Suppose, for example, the makers of the cake mix decided to advertise in the two biggest circulation home magazines in the country (to get at the big market) and also in a magazine bought mainly by young unmarried people (to get at the unexpected smaller market).  The problem of duplicated circulation then arises, for it is likely that the young unmarried people will see the home magazines as well as their own.  The laws of probability can tell the advertising agency the chances of any reader’s seeing one, two, or all three of the advertisements.  (Specifically, assuming that one reader in five sees the advertisement in any one magazine, the chances that the same reader will see it in two magazines are 13 in 125, and in three 1 in 125.)
As you can see even from this quick sweep of the statistical horizon  beyond advertising and commerce (a sweep that has ignored the algebraic complexities), there are a great many ways in which the laws of probability can help manufactures to reduce the risk (the gamble) when bringing out a new product.
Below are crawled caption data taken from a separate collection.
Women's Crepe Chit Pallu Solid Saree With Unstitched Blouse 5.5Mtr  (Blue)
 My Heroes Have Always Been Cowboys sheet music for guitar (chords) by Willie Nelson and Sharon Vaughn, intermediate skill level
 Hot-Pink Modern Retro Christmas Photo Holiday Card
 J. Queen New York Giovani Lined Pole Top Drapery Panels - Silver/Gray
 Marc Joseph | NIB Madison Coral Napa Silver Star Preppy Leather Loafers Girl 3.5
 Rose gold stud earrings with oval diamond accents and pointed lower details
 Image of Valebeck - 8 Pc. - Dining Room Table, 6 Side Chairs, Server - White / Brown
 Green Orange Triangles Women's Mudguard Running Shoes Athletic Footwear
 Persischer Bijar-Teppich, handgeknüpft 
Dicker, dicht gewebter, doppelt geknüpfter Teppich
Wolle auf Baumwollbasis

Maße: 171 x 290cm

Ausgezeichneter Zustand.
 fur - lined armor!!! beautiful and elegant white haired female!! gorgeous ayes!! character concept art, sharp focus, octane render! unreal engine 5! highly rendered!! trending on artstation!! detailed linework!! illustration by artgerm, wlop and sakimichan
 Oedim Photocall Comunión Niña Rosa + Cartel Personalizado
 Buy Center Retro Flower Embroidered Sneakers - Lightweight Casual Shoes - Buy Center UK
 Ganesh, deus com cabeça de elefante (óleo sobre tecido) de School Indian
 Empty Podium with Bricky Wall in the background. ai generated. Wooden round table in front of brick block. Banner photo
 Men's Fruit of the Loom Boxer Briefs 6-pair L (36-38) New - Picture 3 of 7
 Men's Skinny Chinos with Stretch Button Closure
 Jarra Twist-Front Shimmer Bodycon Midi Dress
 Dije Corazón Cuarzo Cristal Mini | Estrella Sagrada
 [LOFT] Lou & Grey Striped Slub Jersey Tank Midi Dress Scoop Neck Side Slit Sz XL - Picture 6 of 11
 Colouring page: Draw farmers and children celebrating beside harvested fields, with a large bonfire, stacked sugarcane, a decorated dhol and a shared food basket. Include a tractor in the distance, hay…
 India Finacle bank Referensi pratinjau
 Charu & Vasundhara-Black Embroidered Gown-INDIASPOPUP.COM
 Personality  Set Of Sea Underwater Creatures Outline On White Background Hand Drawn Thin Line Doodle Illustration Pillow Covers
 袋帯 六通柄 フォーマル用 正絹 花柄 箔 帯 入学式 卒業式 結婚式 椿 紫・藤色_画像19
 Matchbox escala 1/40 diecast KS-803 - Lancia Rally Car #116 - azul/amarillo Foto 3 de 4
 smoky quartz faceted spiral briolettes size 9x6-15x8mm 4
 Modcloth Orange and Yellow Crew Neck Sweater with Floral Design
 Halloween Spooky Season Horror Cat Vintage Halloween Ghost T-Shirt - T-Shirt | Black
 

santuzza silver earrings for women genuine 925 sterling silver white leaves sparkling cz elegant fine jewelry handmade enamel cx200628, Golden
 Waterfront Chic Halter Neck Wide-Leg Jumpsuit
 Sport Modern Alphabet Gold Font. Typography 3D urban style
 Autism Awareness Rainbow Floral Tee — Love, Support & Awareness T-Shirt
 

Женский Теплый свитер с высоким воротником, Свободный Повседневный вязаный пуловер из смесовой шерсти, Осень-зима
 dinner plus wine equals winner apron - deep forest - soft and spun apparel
Another high-powered modern industry insurance depends to a great extent on statistics and probability.  The business of the modern life insurance actuary (the word derives from actuaries, the shorthand writer who recorded the decisions of the Roman magistrates) depends on the ability to compute premiums, which are the insured person’s contributions to cover a specified risk.  The insurance company is, in effect, gambling on the life expectancy of its customers.  The amounts of premiums are determined in much the same way that bookmakers and other professional poker gamblers determine the odds or percentages that will give them a good chance of winning against a long run (that is, against the practically unlimited time and capital of all their customers).  Both the bookie and the actuary use he laws of probability; but where the bookie uses his knowledge of horses racing , jockeys, etc., the actuary uses populations statistics or mortality tables.

These tables show recorded birth and death rates over a number of years, and from them the actuary can work out your chances of survival during a given future period.  The amount of the premium is, of course, based on these chances; but added to it will be a further sum to cover the expenses of the insurance company, its profits and contingencies arising from short runs of luck that work against the company.  (I have purposely avoided any reference to “bad” luck; adjectives were invented by man, luck was around earlier.)